Ибо до тех пор, пока такое становление, такое новое выступает лишь как ограничение, а не как результат, цель и субстрат метода одновременно, понятия — подобно вещам переживаемой действительности — должны сохранять ту неподвижную самозамкнутость, которая лишь мнимо снимается рядоположением  других понятий. Только историческое становление действительно устраняет — преднайденную — самостоятельность и обусловленную этим неподвижность вещей и понятий о вещах. Гегель отмечает относительно отношения тела и души: «В самом деле, если предположить, что душа и тело противостоят друг другу как абсолютно самостоятельные начала, то они столь же непроницаемы друг для друга, как любая материя непроницаема для другой, так что только в их взаимном небытии, в их порах осуществляется это общение; так и Эпикур в порах тела отвел богам их местопребывание, но, оставаясь последовательным, не навязал им никакого общения с миром»[216] Но историческое становление снимает подобную самостоятельность моментов. Именно в силу того, что оно вынуждает познание, которое стремится быть адекватным этим моментам, к тому, чтобы базировать образование понятий на содержании, на качественно однократном и новом в явлениях, оно вынуждает его одновременно не оставлять ни один такой момент неприкосновенным в его простой конкретной однократности; напротив, оно указывает ему в качестве методологической сферы его постижимости конкретную тотальность исторического мира, сам конкретный и тотальный исторический процесс.

 

С принятием этой установки, при которой оба главных момента иррациональности вещи в себе — конкретность отдельного содержания и тотальность, теперь уже развернутые в позитивном плане, — выступают в своем единстве, изменяется одновременно отношение теории и практики и вместе с ним — отношение свободы и необходимости.
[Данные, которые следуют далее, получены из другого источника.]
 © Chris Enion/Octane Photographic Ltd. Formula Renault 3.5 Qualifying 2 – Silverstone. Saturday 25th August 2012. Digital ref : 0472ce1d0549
Присущий действительности аспект сотворенности нами самими утрачивает тут свою в ином случае более или менее фиктивную суть: согласно уже приводившимся пророческим словам Вико, мы сами сделали нашу историю, и если мы в состоянии рассматривать всю действительность как историю (стало быть, как нашу историю, ибо другой не существует), то мы фактически возвысились до той точки зрения, благодаря которой действительность может быть понята как наше «дело-действие». Дилемма материалистов потеряла свой смысл, так как поход, при котором нашими деяниями считаются только наши сознательные действия, а созданная нами самими историческая среда, этот продукт исторического процесса, понимается как подчиненная чуждым нам законам действительность, изобличается как рационалистическая ограниченность, как догматизм формального рассудка.

 

Но именно здесь, где новообретенное познание или, как выражается Гегель в «Феноменологии духа», «истинное» становится «вакхическом восторгом, все участники которого упоены»,[217] где разум якобы приоткрывает покров святыни из Саиса, чтобы, как писал Новалис, увидеть в самом себе ответ на загадку, вновь встает, но теперь уже совершенно конкретно, решающий вопрос этого мышления: вопрос о субъекте дела-действия, генезиса.  Ибо единство субъекта и объекта, мышления и бытия, которое пытались доказать и показать с помощью «дела-действия», фактически имеет сферой своей реализуемости и своим субстратом единство генезиса мыслительных определений и истории становления действительности. Однако это единство может считаться постигнутым единством лишь тогда, когда действительность может быть конкретно  раскрыта не только как методологическая сфера разрешимости всех этих проблем, но в качестве «Мы», субъекта истории, то есть того самого «Мы», чьим действием в действительности является история.


Дата добавления: 2018-09-23; просмотров: 161; Мы поможем в написании вашей работы!

Поделиться с друзьями:






Мы поможем в написании ваших работ!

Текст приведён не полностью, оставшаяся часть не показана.